= Matt Lipps =

American photographer and artist

Matt Lipps (born 1975) is an American photographer and artist.

== Early life and education ==
Lipps was born in 1975 in Oakland, California. He currently lives and works in Los Angeles, California. He earned a MFA in Studio Art from the University of California, Irvine in 2004. Lipps took his BFA in Photography from California State University, Long Beach in 1998. He teaches at the University of California, Los Angeles and San Francisco State University.

== Work ==
Matt Lipps has spent the past decade focusing on the relationship between sculpture and photography. His photo-sculptures "simultaneously catalogue, lament, and celebrate photography's 21st-century transformations." His artistic process is methodical, often following a set of guidelines that transform his collaged elements into a unified composition and narrative. His photographic constructions rely on collage strategies, sculptural tropes and theater staging techniques. Lipps uses cut-out images that he finds in discontinued photographic publications and magazines, arranging these images to create still life photographs. He then photographs these scenes using a large format analog camera.

=== Looking Through Pictures (2016) ===
In his more recent "Looking Through Pictures" series, Lipps explores the genre of still life in relation to the mise-en-scène of theatrical spaces and productions. In this series models, floral arrangements, modernist sculpture and architecture are recurrent images. Lipps incorporates negative space into his compositions, which act as a counterbalance to the traditional photographic elements present in his compositions.

=== Library (2013-2014) ===
Lipps's Library series (2013-2014) stems from the 17-volume Library of Photography, an at-home photography primer published in the early 1970s by Time Life, Inc. Lipps builds structures for the cut-out images, allowing each image to act as a freestanding, movable 'actor'. Lipps places the cut outs on glass shelves over an enlarged, brightly colored photograph, recreating each volume in the Library as a unique Wunderakammer.

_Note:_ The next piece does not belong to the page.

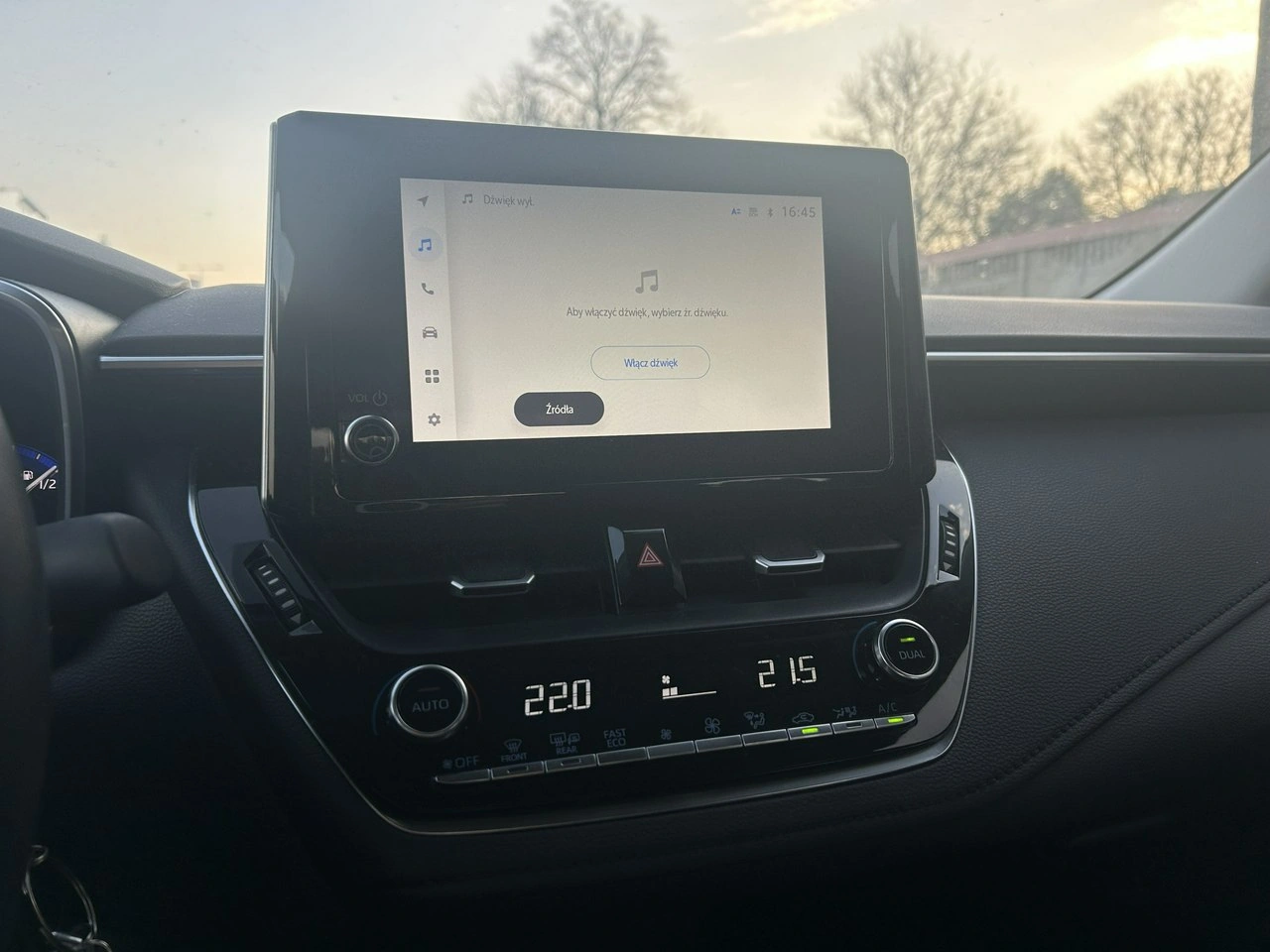 Toyota Corolla - Zdjęcie 8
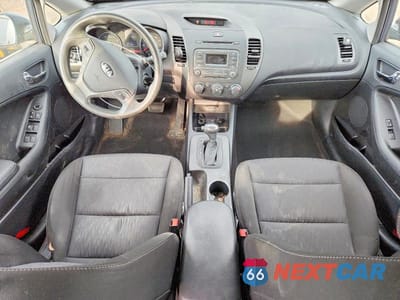 Zdjęcie 8 z 12 samochodu: 2016 KIA FORTE LX VIN:KNAFK4A68G5542391 - miniatura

Using similar staging techniques as in his previous works, Lipps allows each image to have a specific role and place in the photograph. "Lipps doesn't shy away from including images with abrupt rectangular edges, choosing instead to retain these reminders of the material's original place on the page."

This exhibition displays Lipps' work as archival, as he sifts through photographic history, creating new visual relationships. In an interview, Lipps stated that in Library, the "content had shifted towards history itself, specifically our collective, shared relationship to history and memory experienced through the apparatus of photography."

=== HORIZON/S (2010) ===
With images taken from the popular 1950s American arts and sculpture magazine, Horizon, HORIZON/S acts as an archive of visual culture. These large diorama style groupings of modernist icons are set against bright yet minimal backdrops. Lipps uses acid lights to create colored shadows behind the cut-out figures, creating a lifelike and 3-dimensional aspect to Lipps's work. HORIZON/S is a "cerebral [investigation of context], mining the perceptions and strategies of Anthropology and Art History."

==Solo exhibitions==
- AnObjectAnImage, Klemm's, Berlin, Germany, 2017
- Looking Through Pictures, Marc Selwyn Fine Arts, Los Angeles, CA, 2016
- Library, Danziger Gallery, New York, NY, 2015
- Figures, Art in General, New York, NY, 2015
- Special Problems, Josh Lilley Gallery, London, UK, 2014
- The Populist Camera, Jessica Silverman Gallery, San Francisco, CA, 2014
- Matt Lipps' Library, Marc Selwyn Fine Art, Los Angeles, CA, 2013
- HORIZON/S, University of California Riverside, Museum of Photography, CA, 2012
- Matt Lipps, Josh Lilley Gallery, London, UK, 2012
- HORIZON/S, Marc Selwyn Gallery, Los Angeles, CA, 2011
- HORIZON/S, Silverman Gallery, San Francisco, CA, 2011
- Untitled (Women's Heads), billboard project on La Cienega Blvd., LA><ART, Los Angeles, CA,
- Matt Lipps: HOME, Silverman Gallery, San Francisco, CA, 2010
- Horses, The Office, Huntington Beach, CA, 2008
- Cut, Harvey Levine Gallery, Project Room, Culver City, CA, 2006

==Collections==
His works are held in the collections of:
- the Los Angeles County Museum of Art,
- the San Francisco Museum of Modern Art,
- the Museum of Contemporary Art, Los Angeles,
- the Hammer Museum (Los Angeles, CA),
- The Saatchi Gallery (London, UK), and
- the Pilara Foundation Collection at Pier 24 (San Francisco).